Sometimes brilliant and always perplexing, Sunken Garden traces the disappearance of two people (Simon and Amber) through the eyes of obsessive documentary film-maker Toby, who gains sponsorship for a film about the disappearances from a mysterious woman named Zenna. All four of these characters, and also a second mysterious woman (Doctor Marinus), later turn up in the titular sunken garden, a place of great beauty. We learn about the troubled pasts of the characters, and they are faced with choices concerning whether to return to reality, to perpetuate their limbo-esque existence in the garden, or to die. The many issues touched upon include memory, immortality and guilt; it’s certainly a more thoroughly literary creation than the average opera.

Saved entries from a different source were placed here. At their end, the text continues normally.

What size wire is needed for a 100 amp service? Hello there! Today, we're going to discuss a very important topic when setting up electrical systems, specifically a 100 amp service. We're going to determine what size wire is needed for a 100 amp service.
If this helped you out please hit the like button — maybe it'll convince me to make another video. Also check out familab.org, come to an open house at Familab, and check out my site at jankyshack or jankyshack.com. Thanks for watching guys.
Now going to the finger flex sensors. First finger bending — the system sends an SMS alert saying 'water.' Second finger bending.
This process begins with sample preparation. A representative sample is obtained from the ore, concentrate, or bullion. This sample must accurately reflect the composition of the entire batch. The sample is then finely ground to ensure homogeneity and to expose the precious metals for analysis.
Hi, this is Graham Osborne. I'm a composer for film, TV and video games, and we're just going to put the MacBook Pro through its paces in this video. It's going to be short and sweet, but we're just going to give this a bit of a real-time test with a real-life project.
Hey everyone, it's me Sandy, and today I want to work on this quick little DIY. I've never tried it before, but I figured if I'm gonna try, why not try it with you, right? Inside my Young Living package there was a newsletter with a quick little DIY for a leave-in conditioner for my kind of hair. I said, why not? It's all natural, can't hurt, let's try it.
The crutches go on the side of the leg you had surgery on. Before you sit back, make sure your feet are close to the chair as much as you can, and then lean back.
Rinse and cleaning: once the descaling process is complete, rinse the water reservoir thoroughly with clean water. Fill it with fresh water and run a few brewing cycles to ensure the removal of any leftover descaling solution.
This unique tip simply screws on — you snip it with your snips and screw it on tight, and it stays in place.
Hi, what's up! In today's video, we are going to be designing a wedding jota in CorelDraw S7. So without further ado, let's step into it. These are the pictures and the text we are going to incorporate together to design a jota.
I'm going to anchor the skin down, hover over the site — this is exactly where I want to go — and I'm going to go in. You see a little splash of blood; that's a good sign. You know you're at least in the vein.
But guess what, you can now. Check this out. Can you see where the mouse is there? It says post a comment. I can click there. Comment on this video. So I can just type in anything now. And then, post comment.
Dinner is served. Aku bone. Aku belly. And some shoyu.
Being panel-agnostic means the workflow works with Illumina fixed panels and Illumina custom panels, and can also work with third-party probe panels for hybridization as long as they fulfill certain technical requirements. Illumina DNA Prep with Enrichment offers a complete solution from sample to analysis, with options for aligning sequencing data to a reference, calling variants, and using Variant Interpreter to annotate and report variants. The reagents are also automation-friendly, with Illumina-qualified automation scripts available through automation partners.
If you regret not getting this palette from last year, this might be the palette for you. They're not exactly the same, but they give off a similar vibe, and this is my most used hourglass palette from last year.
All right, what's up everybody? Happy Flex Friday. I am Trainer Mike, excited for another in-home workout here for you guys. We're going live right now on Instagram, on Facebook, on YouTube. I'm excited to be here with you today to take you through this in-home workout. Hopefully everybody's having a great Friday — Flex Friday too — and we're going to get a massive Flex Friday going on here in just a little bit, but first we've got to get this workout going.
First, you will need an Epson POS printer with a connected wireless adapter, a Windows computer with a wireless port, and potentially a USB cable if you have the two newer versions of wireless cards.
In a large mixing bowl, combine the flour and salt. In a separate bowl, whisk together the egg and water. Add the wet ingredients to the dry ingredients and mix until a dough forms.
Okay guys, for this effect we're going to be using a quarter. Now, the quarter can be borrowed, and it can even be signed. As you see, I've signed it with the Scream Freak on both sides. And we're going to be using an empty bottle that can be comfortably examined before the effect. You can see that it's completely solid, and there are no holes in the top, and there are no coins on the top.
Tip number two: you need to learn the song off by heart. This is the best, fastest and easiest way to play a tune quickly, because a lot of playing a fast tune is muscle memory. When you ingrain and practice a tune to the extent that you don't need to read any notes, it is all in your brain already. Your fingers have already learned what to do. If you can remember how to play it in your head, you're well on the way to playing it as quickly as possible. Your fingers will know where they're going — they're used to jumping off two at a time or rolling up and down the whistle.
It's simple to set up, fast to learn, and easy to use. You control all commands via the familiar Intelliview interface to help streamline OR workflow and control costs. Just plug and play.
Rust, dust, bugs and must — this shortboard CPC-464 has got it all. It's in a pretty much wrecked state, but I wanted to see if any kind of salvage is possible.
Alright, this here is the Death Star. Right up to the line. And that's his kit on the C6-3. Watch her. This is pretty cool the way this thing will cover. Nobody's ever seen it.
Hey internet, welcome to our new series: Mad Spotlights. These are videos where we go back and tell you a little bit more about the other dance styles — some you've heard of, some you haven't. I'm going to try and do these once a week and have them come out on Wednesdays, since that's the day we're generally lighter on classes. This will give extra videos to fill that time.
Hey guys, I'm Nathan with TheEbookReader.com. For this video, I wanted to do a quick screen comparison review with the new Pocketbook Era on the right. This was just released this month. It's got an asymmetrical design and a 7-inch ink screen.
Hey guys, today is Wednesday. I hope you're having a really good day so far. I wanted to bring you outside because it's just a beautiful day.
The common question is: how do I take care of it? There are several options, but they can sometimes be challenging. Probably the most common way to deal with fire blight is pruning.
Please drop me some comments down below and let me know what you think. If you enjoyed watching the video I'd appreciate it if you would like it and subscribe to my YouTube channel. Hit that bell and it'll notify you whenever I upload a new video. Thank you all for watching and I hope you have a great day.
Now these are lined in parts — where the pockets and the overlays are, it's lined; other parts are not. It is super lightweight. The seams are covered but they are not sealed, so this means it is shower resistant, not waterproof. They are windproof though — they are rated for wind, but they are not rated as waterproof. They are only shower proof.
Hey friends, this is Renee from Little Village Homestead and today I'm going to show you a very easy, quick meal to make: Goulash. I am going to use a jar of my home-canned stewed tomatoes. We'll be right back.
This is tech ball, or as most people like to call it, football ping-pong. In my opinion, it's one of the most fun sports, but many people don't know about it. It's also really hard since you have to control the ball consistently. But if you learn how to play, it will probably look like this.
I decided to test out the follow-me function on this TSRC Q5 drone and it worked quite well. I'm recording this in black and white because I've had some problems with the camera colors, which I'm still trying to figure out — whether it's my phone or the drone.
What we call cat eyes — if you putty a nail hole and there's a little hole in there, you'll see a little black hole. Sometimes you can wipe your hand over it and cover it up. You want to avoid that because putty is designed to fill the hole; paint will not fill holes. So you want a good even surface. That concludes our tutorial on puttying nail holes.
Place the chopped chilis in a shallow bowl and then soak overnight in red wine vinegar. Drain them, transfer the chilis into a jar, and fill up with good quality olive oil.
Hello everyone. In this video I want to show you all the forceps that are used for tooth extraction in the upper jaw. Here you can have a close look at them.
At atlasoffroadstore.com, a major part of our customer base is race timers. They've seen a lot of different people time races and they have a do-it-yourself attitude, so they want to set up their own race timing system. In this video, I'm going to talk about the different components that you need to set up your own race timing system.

What’s really remarkable about it, though, is the way it all comes together. The first section alternates live, sung action with spoken video clips which are to be part of Toby’s film. The sunken garden itself, filmed at the Eden Project in Cornwall, is in a remarkable 3D, with the “missing” characters holograms within it and the other characters live on the stage, though sometimes interacting (or trying to) with the holograms. It’s a trippy experience, but on occasion a breathtaking one, and the technological aspects have been very firmly welded into the dramatic concept, ensuring that claims of gimmickry are easy to refute.

Van der Aa plays similar tricks on us aurally, mixing live music with synthesised sounds, and sometimes integrating noises from the films into the orchestral texture. There’s a wonderful moment when it’s revealed that a soft clicking sound that pervades the first few scenes is taken from a moment in one of Toby’s films, in which a character nervously flicks his fingers against a business card. But the score isn’t just a box of tricks: it’s dramatic at times, almost traditional at others (the vocal writing especially), and always carefully attuned to the text. It’s also virtuosically diverse: van der Aa is renowned for his eclecticism, but he really outdoes himself here. Most impressive for me were the sections of music depicting Amber, a rich student with a fondness for clubbing: van der Aa blends elements of dance music into his score with astonishing effectiveness and sincerity.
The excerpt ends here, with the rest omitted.